A partir de los 90, el declive de las grandes utopías decimonónicas tales como el socialismo, el marxismo, etcétera, y la ausencia de proyectos utópicos alternativos han provocado, en los últimos años, la emergencia de una poderosa oleada de hiperrealismo en el seno de los sistemas democráticos. En las últimas décadas hemos pasado abruptamente desde una época casi delirantemente utópica, al descrédito y desplome casi absoluto de todas las utopías.

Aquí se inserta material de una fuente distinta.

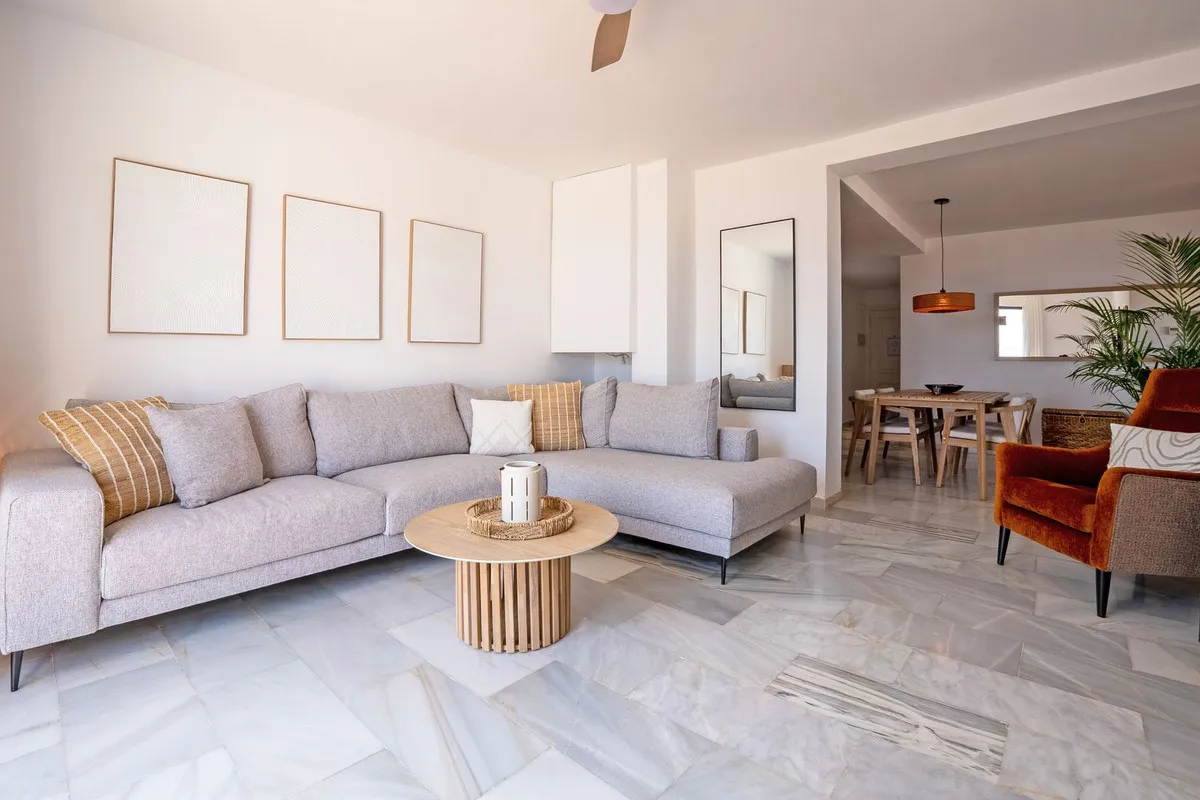 fe7f3b97-01a8-489d-a78b-304c9c823276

La apuesta del Biden, el actual presidente de EEUU, está en sintonía con la propuesta de crear “un impuesto mundial progresivo sobre el capital” que viene defendiendo el economista Piketty desde hace tiempo. El autor francés no oculta las dificultades de aplicar esta medida a nivel global. Por esto reconoce que “el impuesto mundial sobre el capital es una utopía”. Aunque precisa que es una “utopía útil” que puede instituirse de forma gradual y progresiva.
En
realidad, debemos preguntarnos por qué las coaliciones socialdemócratas han
sido incapaces en las últimas décadas de abordar a escala transnacional tanto
la problemática de la progresividad fiscal como la noción de propiedad privada
temporal, que es a donde nos conduciría la aplicación de un impuesto
suficientemente progresivo sobre las grandes fortunas. Esta limitación programática,
intelectual e ideológica es una de las razones de fondo que explican el
agotamiento actual de la evolución histórica hacia la igualdad y el aumento de
las desigualdades. Necesitamos coaliciones políticas que estén reconciliadas
con la utopía y no solo basadas en la tecnocracia.